By Jamey Dunn
Democratic legislative leaders filed a lawsuit today to halt Gov. Pat Quinn’s move to suspend lawmakers’ pay until a pension reform bill is passed.
Quinn used his veto pen earlier this month to strike out the money for lawmakers’ pay from the budget. At the time House Speaker Michael Madigan’s public reaction to Quinn’s decision was not negative. He noted that lawmakers had made much effort to try to get pension legislation passed. “The governor’s decision follows my efforts, and I understand his frustration. I am hopeful his strategy works,” Madigan said in a prepared statement. Senate President John Cullerton called Quinn’s splashy strategy “unproductive.”
Today, both leaders are the plaintiffs in a lawsuit against Quinn claiming that his move to cut off paychecks is unconstitutional. In a letter to lawmakers, they called Quinn’s action “purely political” and an “unconstitutional attempt to coerce the legislature to comply with his demands.”
The suit says that if the governor were allowed to cut lawmakers’ pay, it would break down the separation of powers between the branches of government because any governor going forward could hold paychecks hostage to extort votes from legislators.
“If the governor’s line-item veto is upheld, the independence of each member of the General Assembly will be forever compromised. Any governor will hold a trump card over a co-equal branch of government, attempting to bend the members of the General Assembly to his or her will with the threat of eliminating their salaries, which for some legislators is their only source of income,” the complaint says. “In this particular instance, Gov. Quinn has stated that his dispute with the General Assembly is over the lack of pension reform legislation. Next time, it may be gun control or abortion rights or tax policy.”

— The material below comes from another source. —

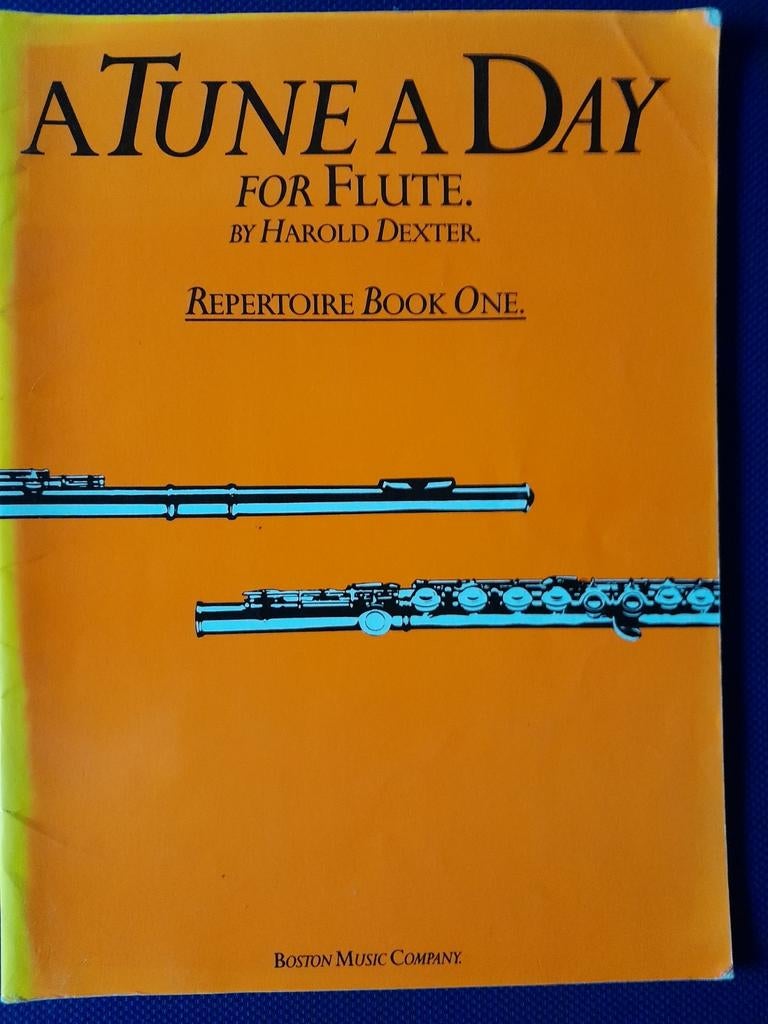 A Tune a Day for Flute, Book One, Ophalen of Verzenden, Zo goed als nieuw, Les of Cursus, Klassiek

Quinn defended his veto again today. “My action to suspend the appropriation for legislative pay is clearly within the express provisions of the Illinois Constitution,” he said in a written statement. Quinn also is not taking a paycheck.
The Illinois Constitution does address the salaries of lawmakers, as well as those of constitutional officers and judges. The document says that salaries cannot be changed during their terms. From the legislative article: “A member shall receive salary and allowances as provided by law, but changes in the salary of the member shall not take effect during the term for which he has been elected.”
However, the Constitution also states that the governor may “reduce or veto any item of appropriation in a bill presented to him.” Comptroller Judy Baar Topinka said last week that she did not have the authority to pay lawmakers with out the appropriation, which Quinn had vetoed. She said that the only way legislators would get paid is if they voted to override the veto or a judge ordered that they get their checks.
Madigan and Cullerton likely do not want an override vote because continuing in the standard process would be tacit acknowledgement that the veto was legitimate and constitutionally sound. “The purpose of this lawsuit is to protect the independence of the legislature and preserve the separation of powers. It is our hope that the court will remedy this constitutional violation and that future governors will not feel empowered to use such coercive tactics,” they said in their letter.
Quinn said that instead of focusing their efforts on a lawsuit, lawmakers should be working on formulating changes to the pensions system that can pass in both chambers. “Today's lawsuit filed by two members of the Illinois General Assembly is just plain wrong. If legislators had put forth the same effort to draw up a pension reform agreement that they did in crafting this lawsuit, pension reform could have been done by now. Instead of focusing on resolving the state's pension crisis — which is costing taxpayers millions of dollars a day — legislators have chosen to focus on their own paychecks and waste taxpayer time and money on this lawsuit. Legislators should not be rewarded for an endless cycle of promises, excuses, delay and inertia on the pension problem.”
Members of a special committee that is working on pension reform say they are making real progress. However, they say that it may be mid-August or later before the have a proposal to present to the General Assembly at large. Barring immediate court action, lawmakers will miss a their first paycheck under the veto this Thursday. Credit Union 1, which serves state employees, has offered to loan lawmakers half of their $68,000 monthly base salaries for 60 days. Non-members would have to join the credit union and would be charged interest on the loans.
Quinn said he plans to fight the issue in court. “I will defend the interest of Illinois taxpayers in the courts. Nobody should be paid until the pension reform job gets done for taxpayers.”
Union leaders took the lawsuit as a chance to remind lawmakers that public workers’ pension benefits are also protected by the state's Constitution. “Today, legislative leaders sued over the constitutionality of Governor Pat Quinn’s line item veto of legislators’ salaries. We remind lawmakers that the entirety of the Illinois Constitution must be upheld for all citizens, including public employees and retirees — teachers, police, nurses, caregivers, and others — whose modest pensions are protected in Article XIII, Section 5,” said a written statement from the We Are One Coalition. The coalition called on lawmakers to support the union-backed proposal, Senate Bill 2404. “Legislators take an oath to support this constitutional provision — just as they promise to support all constitutional provisions equally. Lawmakers must not cherry-pick or apply a double standard in determining what parts of the Constitution should be defended. They shouldn't adhere to the Constitution only when it's convenient.”